──────── Entries supplied ────────
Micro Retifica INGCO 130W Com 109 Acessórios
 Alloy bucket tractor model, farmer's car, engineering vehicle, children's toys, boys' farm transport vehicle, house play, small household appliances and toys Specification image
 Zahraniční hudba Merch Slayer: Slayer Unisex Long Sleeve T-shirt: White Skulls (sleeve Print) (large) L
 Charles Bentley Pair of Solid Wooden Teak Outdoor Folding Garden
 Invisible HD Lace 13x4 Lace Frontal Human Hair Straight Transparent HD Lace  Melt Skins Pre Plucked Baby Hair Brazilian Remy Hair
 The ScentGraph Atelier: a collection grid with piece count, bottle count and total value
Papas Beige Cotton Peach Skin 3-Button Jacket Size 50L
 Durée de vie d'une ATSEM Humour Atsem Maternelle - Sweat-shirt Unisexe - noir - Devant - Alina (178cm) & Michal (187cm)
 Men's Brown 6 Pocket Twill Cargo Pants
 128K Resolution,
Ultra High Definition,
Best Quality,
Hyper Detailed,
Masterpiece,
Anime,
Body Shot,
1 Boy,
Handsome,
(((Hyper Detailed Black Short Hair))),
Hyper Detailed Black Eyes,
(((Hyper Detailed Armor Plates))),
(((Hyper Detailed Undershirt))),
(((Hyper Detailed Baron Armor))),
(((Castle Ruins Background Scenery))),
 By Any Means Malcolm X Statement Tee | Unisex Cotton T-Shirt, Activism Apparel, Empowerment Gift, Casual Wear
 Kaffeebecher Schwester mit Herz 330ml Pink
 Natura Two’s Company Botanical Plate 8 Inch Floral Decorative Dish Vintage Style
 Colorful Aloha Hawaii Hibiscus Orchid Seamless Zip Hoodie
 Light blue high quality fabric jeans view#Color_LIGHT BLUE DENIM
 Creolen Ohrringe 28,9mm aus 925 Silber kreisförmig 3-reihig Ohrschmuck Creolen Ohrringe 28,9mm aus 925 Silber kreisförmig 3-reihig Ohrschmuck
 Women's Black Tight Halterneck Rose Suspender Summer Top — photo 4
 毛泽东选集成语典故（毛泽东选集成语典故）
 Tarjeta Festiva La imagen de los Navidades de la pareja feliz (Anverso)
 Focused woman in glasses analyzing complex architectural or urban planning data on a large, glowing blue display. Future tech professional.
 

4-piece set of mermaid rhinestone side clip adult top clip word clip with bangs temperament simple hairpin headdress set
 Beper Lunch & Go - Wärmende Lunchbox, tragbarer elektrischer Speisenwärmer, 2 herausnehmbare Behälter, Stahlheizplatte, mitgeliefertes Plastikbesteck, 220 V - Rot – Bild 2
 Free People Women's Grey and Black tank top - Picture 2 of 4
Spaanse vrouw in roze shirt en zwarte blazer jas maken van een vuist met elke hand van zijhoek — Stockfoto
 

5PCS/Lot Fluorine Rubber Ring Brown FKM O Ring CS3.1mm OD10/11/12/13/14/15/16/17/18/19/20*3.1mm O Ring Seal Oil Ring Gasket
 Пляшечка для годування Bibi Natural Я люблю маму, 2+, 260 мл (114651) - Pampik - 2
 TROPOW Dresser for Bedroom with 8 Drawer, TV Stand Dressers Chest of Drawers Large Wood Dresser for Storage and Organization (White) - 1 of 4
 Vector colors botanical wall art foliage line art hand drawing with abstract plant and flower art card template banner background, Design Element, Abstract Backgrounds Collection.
────────
Aim of the task:
Which lines of the data contain the word "White"? Copy each one.

Your solution:
 Zahraniční hudba Merch Slayer: Slayer Unisex Long Sleeve T-shirt: White Skulls (sleeve Print) (large) L
 TROPOW Dresser for Bedroom with 8 Drawer, TV Stand Dressers Chest of Drawers Large Wood Dresser for Storage and Organization (White) - 1 of 4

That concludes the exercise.